Dimissioni volontarie dal lavoro nei primi anni di vita dei figli: nel bolognese oltre il 70% delle madri
Le convalide delle dimissioni e risoluzioni consensuali delle lavoratrici madri e dei lavoratori padri nei primi anni di vita dei figli, nel territorio bolognese, è un fenomeno che riguarda in modo preponderante donne: le neomamme sono infatti più del 70%, mentre i neopapà sono sotto al 30%.
L’evidenza arriva dai primi dati della ricerca dal Dipartimento di Scienze politiche e Sociali dell’Università di Bologna, coordinatore della ricerca il professor Roberto Rizza, in accordo con la professoressa Laura Calafà, docente dell’Università di Verona, per conto del Piano per l’Uguaglianza della Città metropolitana, all’interno di un rapporto di collaborazione avviato con l’Ispettorato Territoriale del Lavoro di Bologna.
L’indagine, che da luglio 2023 a oggi ha coinvolto 432 lavoratrici e lavoratori, è stata ideata per approfondire le motivazioni che spingono madri e padri a lasciare il lavoro nei primi anni di vita dei figli.
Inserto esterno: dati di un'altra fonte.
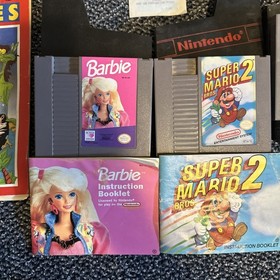 Lotto Nintendo NES originali 1985 1989 ricevuta manuale, 3 giochi Barbie Mario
Ai questionari somministrati dall’Ispettorato a lavoratrici e lavoratori in sede di convalida delle dimissioni e risoluzioni consensuali, sono state aggiunte alcune domande complementari per la raccolta di ulteriori informazioni. Lo scopo è quello di avere una comprensione più piena del fenomeno, anche al fine di indicare azioni di contrasto efficaci.
Il questionario si fonda sull’analisi di varie dimensioni del fenomeno e spazia da quelle più propriamente lavorative, a quelle che intrecciano il tema della conciliazione famiglia-lavoro, sia per ciò che concerne il lavoro, sia in riferimento alla dimensione familiare.
Se oltre il 70% del fenomeno interessa le madri e solo il 30% i padri, i motivi che portano alle dimissioni sono diversi per gli uomini e le donne. I primi si dimettono per passare ad altra azienda (74% contro 47% delle donne), le seconde per impossibilità di conciliare il lavoro retribuito con quello della cura e dell’assistenza.
Le donne svolgono attività lavorative che presentano forti elementi di rigidità. Vi sono infatti marcate differenze di genere nelle possibilità di variare luogo di lavoro (l’84% delle donne non possono cambiarlo, contro il 58% degli uomini), orari (il 69% delle donne non può cambiare orario di lavoro per doveri di assistenza, contro il 48% degli uomini), nonché di astenersi dal lavoro per motivi di cura (75% delle donne contro il 56% degli uomini).
Inoltre, le donne manifestano difficoltà nella conciliazione per ragioni legate ai servizi di cura. Nel caso degli uomini dimissionari questo non è per nulla un motivo: il 90% dichiara infatti che non sussistono difficoltà legate ai servizi di cura. La maggior parte delle donne che si dimette dichiara di avere difficoltà per i costi eccessivi dei servizi di assistenza all’infanzia, mentre nel caso degli uomini questo motivo non è il principale. Alla rigidità degli orari, dei luoghi e alle difficoltà di astenersi dal lavoro per necessità di cura, si aggiunge pertanto una chiara percezione, del resto confermata dai dati, di salari bassi per le donne.